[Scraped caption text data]
>>>

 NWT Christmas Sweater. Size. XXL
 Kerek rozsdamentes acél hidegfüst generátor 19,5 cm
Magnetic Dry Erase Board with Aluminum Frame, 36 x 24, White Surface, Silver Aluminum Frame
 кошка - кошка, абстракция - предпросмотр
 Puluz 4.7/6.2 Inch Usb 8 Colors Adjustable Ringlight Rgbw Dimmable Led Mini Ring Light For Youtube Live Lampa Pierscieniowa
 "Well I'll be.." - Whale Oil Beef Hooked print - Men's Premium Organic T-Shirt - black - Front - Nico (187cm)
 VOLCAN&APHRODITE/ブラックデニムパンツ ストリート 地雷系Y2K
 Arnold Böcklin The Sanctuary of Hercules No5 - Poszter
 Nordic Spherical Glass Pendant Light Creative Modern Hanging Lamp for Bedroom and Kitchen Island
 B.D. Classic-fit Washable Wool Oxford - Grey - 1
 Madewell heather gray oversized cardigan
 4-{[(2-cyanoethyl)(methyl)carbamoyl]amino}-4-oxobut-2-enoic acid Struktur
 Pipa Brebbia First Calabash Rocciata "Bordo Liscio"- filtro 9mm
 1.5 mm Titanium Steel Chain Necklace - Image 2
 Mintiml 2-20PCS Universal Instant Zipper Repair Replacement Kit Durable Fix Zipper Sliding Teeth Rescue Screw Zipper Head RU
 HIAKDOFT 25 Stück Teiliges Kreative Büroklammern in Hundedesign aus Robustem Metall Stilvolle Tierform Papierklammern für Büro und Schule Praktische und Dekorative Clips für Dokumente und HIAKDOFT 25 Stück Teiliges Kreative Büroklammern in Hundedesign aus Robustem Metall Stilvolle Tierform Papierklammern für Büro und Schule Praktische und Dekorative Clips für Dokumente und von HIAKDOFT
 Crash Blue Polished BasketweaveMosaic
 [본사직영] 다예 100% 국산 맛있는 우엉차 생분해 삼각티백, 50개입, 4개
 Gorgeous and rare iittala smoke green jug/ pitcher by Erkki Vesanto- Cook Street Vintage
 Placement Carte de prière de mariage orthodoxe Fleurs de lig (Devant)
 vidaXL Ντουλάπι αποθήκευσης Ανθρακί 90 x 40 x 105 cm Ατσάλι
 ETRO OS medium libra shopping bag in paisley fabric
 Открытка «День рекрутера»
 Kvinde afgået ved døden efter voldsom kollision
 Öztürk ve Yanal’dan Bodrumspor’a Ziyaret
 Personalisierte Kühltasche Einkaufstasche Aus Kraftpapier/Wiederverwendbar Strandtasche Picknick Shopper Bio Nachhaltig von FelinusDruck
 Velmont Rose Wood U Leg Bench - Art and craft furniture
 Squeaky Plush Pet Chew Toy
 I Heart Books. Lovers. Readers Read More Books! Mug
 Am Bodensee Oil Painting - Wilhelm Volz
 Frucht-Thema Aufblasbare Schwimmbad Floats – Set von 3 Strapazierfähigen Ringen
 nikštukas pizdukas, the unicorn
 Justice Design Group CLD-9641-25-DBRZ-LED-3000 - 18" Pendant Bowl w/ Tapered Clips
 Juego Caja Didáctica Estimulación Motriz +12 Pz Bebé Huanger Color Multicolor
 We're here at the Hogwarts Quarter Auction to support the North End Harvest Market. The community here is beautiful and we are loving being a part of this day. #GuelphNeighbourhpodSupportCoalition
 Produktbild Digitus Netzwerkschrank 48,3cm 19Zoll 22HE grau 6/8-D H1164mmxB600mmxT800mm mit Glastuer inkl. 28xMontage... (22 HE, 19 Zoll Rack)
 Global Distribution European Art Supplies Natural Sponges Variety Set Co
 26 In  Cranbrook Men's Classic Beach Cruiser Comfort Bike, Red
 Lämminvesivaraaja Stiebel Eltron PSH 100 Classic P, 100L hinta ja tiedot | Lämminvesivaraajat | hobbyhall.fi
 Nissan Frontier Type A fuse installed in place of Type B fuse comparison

<<<

> [Exercise]:
Count, in the records above, the lines that include "Light", and give the number with nothing added.

> [The answer]:
2